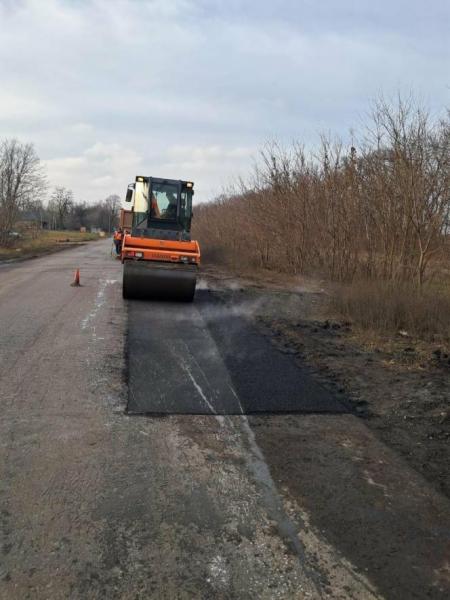 У Харківській області триває ремонт доріг у прифронтових зонах: це необхідно для забезпечення доставки боєприпасів та евакуації постраждалих.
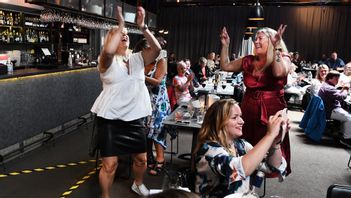 Dansbanden, och folkparksrörelsens, förbannelse är folkligheten. Därför är det svårt att bilda opinion för en kulturform som många ser som lantiskultur. Foto: Tommy Holl/TT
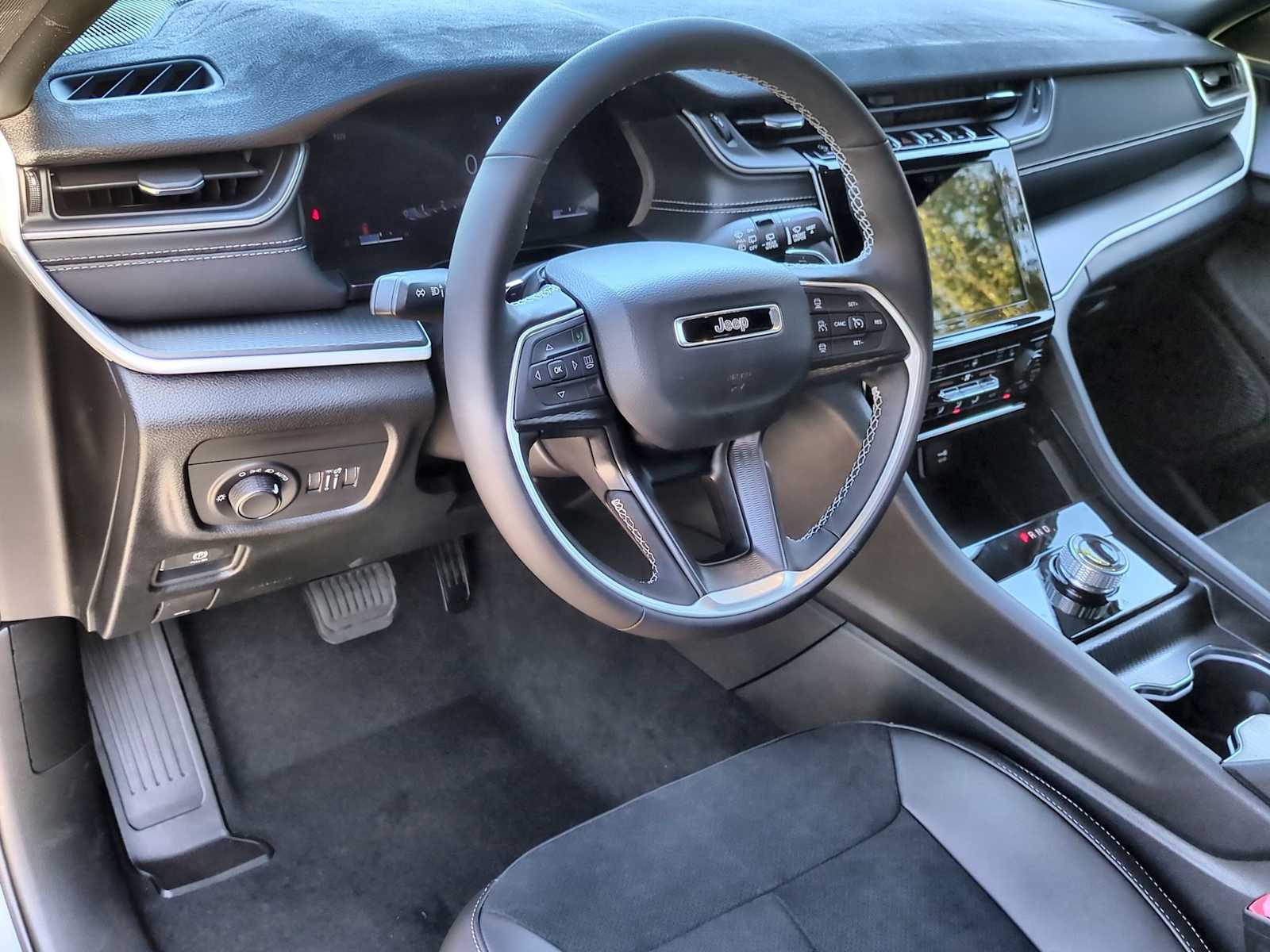 Thumbnail: 2025 Jeep Grand Cherokee - 10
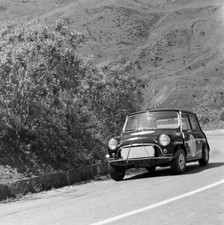 Rupert Jones Harry Ratcliffe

++++++++++

### ACTIVITY
The response consists of the data above printed line for line, with no pictures.

### RESPONSE
 У Харківській області триває ремонт доріг у прифронтових зонах: це необхідно для забезпечення доставки боєприпасів та евакуації постраждалих.
 Dansbanden, och folkparksrörelsens, förbannelse är folkligheten. Därför är det svårt att bilda opinion för en kulturform som många ser som lantiskultur. Foto: Tommy Holl/TT
 Thumbnail: 2025 Jeep Grand Cherokee - 10
 Rupert Jones Harry Ratcliffe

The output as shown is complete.